Tuesday, 26 July 2011


I accessed the link recommended by a commentator on my last post. Thank you, Fishbowl! From your vantage position in a glass basin you get a 360 degree view of all aspects of life, as it were!
I am happy to inform you that the link was actually an eye-opener of sorts, very enlightening indeed. A will is so very necessary to ensure that your family members, progeny and dependents don’t spend the rest of their lives running in circles to inherit what is rightly theirs, while you blissfully R.I.P.!
The end of a long but eventually victorious chase to receive your just desserts, estates and family jewels does not actually induce you to pop champagne and release colourful helium balloons. Rather, it leaves a bitter taste in your mouth.
Bitter taste reminds me of the truly awful tasting ‘chirayath’ that I used to force myself to swallow in the acne-scarred days of youth.
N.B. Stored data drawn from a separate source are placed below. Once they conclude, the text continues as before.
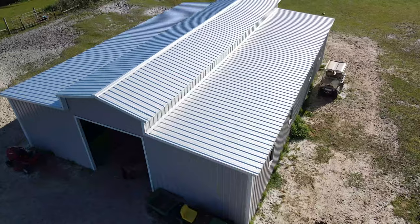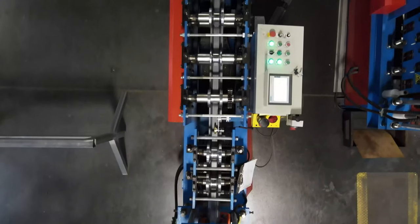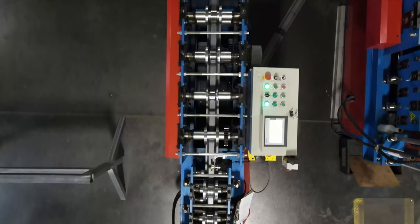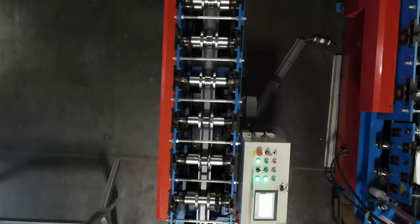It is bolted to the truss and connected to vertically aligned roof panels. Hat channels are constructed by passing a steel strip through a 10-pass corrugation system, and the steel is bent into shape, mimicking the shape of a top hat.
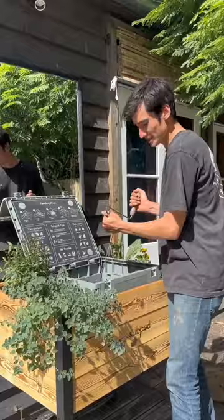Step five, lay the worm blanket back on, close the lid, lock it, and give yourself a pat on the back.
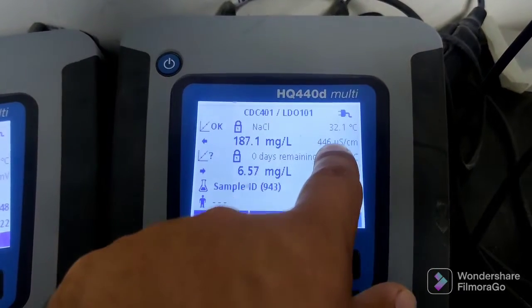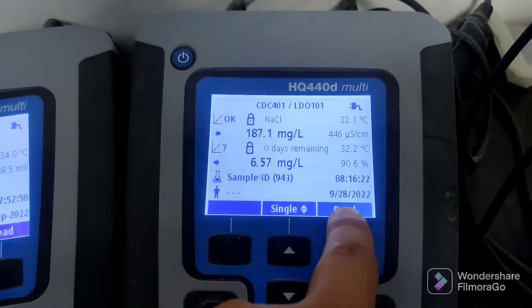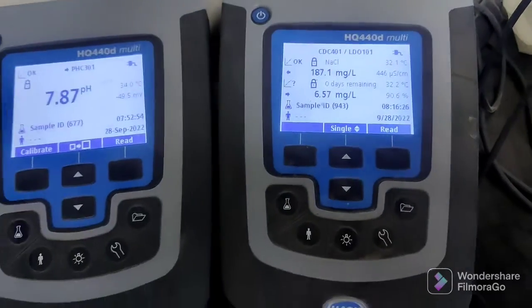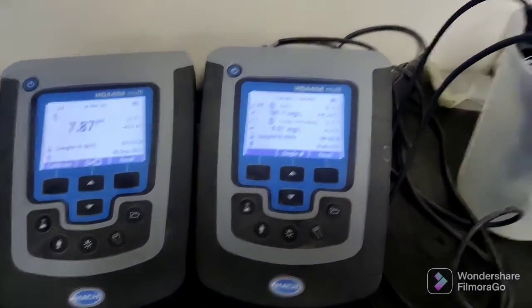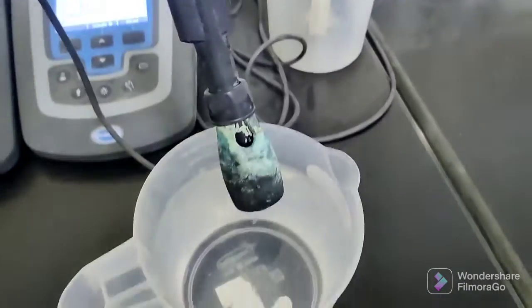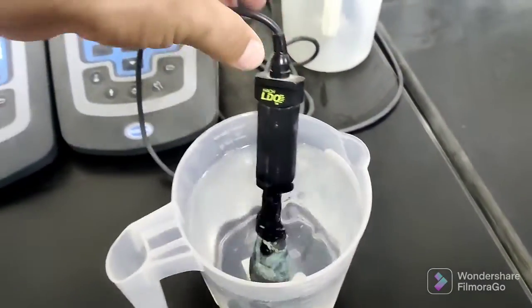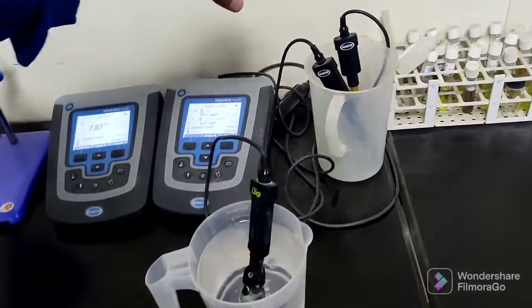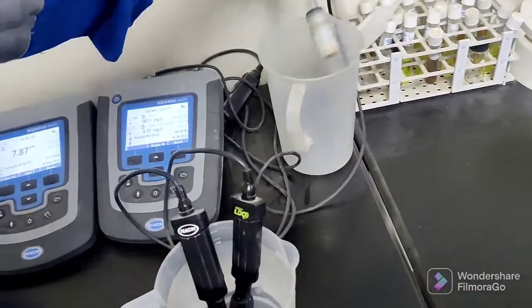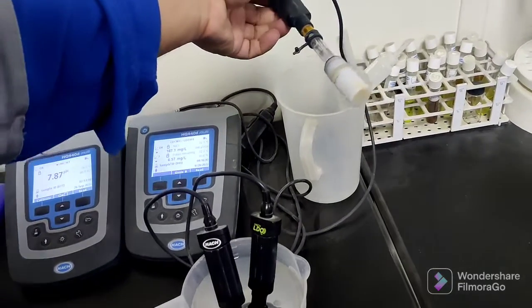This one also shows temperature. The first one is showing the conductivity and the DO. This unit is showing milligrams per liter — how many grams — this one is the conductivity. And this one is for the DO, dissolved oxygen. We are checking the water: the pH, dissolved oxygen, and conductivity.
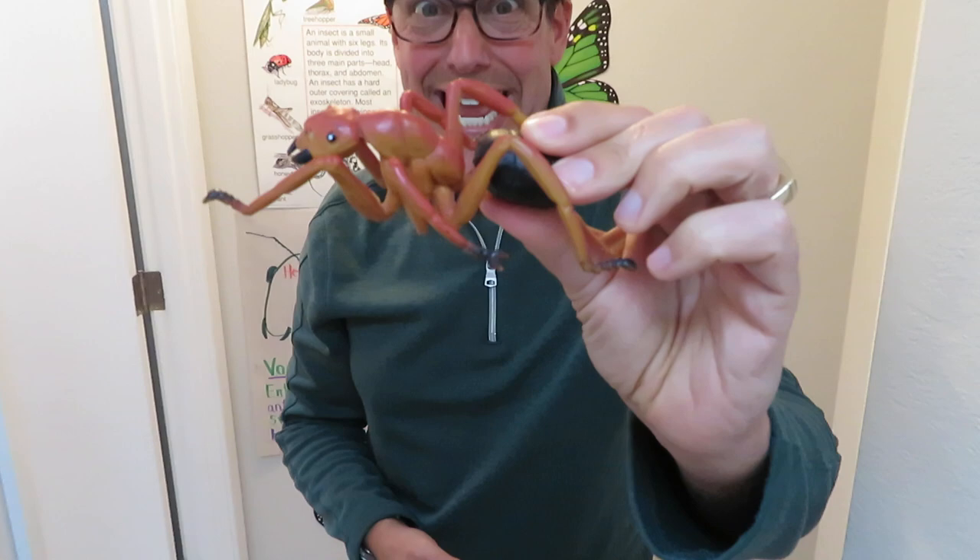Hey everybody, Mr. Sid is back with a new read aloud. Today I'd like to show you something really cool.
It was a minimalist looking twiggy plant that had to be procured from the local bazaar at an embarrassingly low price.
Our cook used to pick it up for me daily with the small change left over from his vegetable shopping.  I used to soak it overnight in a glassful of water, before padding off to bed.
A distressingly early Ante Meridian hour would see me padding dolefully back to the kitchen, straining the murky green stock into a fresh glass, clutching my nose with one hand and the glass with the other, and draining down the contents thereof.
I’ve never been tempted to treat myself to a snifter of urine like an erudite ex PM of yore, but I’m very sure that 'chirayath’ beats it hollow in the ‘ugh’ department.
But yes, for whoever’s interested, it worked like magic on the acne!

1 comment:

  1. Growing up, a will made me very afraid. Why was my father discussing these awful details with a lawyer in the living room,when I was still in school? In retrospect, it was love.

    Perhaps, so was the Chirayath;) I'm going to go find myself some.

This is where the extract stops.